Fraser isn't alone in the Oscar race. Colin Farrell won Venice's Best Actor prize before his film The Banshees of Inisherin headed to Canada. Reuniting with Martin McDonagh, who also directed him in In Bruges and Seven Psychopaths, Farrell plays a simple man on a tiny Irish island in 1923 whose world is thrown into turmoil when his best friend (Brendan Gleeson) decides he doesn't want to hang out anymore. It sounds simple enough, but Farrell is incredible in a challenging role that could easily fall into parody.
Also potentially in the mix is Hugh Jackman, who stars in Florian Zeller's follow up to The Father, which won Anthony Hopkins an Oscar in 2021. The Son, in which Jackman plays the dad of a depressed teen, is much blunter than its predecessor and Jackman's performance isn't on the level of Hopkins', but voters have shown they are in Zeller's camp.
The Knives Out Sequel, Glass Onion, Is an Absolute Blast
Whether or not the Academy latches onto the fabulously entertaining Knives Out sequel, Glass Onion: A Knives Out Mystery, it sure is fun. Perhaps too fun for Oscar voters. But its vast cast brought a welcome dose of glamour to TIFF and will surely do so throughout the awards season. (Kate Hudson walking into a movie premiere carrying popcorn and what appeared to be a plastic cup of white wine? Iconic.)
Rian Johnson takes a new tact with this whodunnit, which strands Daniel Craig's Benoit Blanc on a private Grecian island with a bunch of, in the parlance of one of the protagonists, "shitheads." They've all gathered on the request of their friend and benefactor, an ostentatious tech titan portrayed by Edward Norton. Without giving too much away, it takes a second for the movie to find its rhythms, but once it does it's completely gleeful, and Janelle Monáe once again proves she's an all star actress.
It’s a Good Year for Female Ensemble Casts
Two of the most thrilling films out of this year's TIFF feature domineering ensembles of female performers. Tonally, they are vastly different. The Woman King is a spectacular period action epic starring Viola Davis as an African general. Her warriors include Shelia Atim, Lashana Lynch, and Thuso Mbedu, all doing powerful work. Then there’s Women Talking, an adaptation of a 2018 novel about a group of Mennonite women who have all been raped by the men in their community gathering in a barn to discussion their next course of action. Rooney Mara, Claire Foy, and Jessie Buckley are all standouts as they represent the varying viewpoints of the afflicted. It’s a solemn, talky piece that hits extraordinarily hard.

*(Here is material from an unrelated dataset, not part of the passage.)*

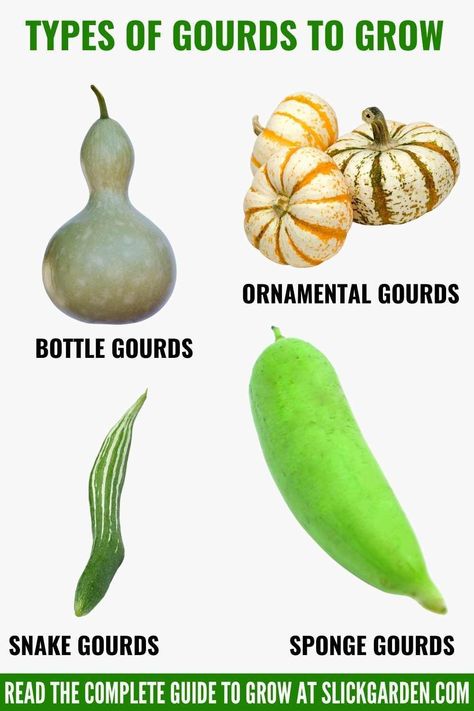 TYPES OF GOURDS TO GROW. Gourds are available in different colors, sizes, and shapes. There are different types of gourds generally found in the world. Types Of Gourds, Growing Gourds, Gourd Types, Gardening Infographic, Gourd Vegetable, Tiny Farm, Hobbies To Take Up, Gourd Crafts, Homegrown Food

Both films are proof that if you turn over your storytelling to women, you get amazing results. Whether you are looking for a badass blockbuster or a quiet drama, this season’s ladies have you covered.
We Have a Frontrunner for Best Documentary
The documentary category may not be the splashiest one to watch, but you’d be wise to place your bets on Laura Poitras’ All the Beauty and the Bloodshed. It’s an astounding portrait of the photographer Nan Goldin, which looks at her life and her work through the prism of her radical existence and activism during the AIDS and opioid crises. Using Goldin’s slideshows as well as newly captured footage of her protests, Poitras has made something gutting and enervating.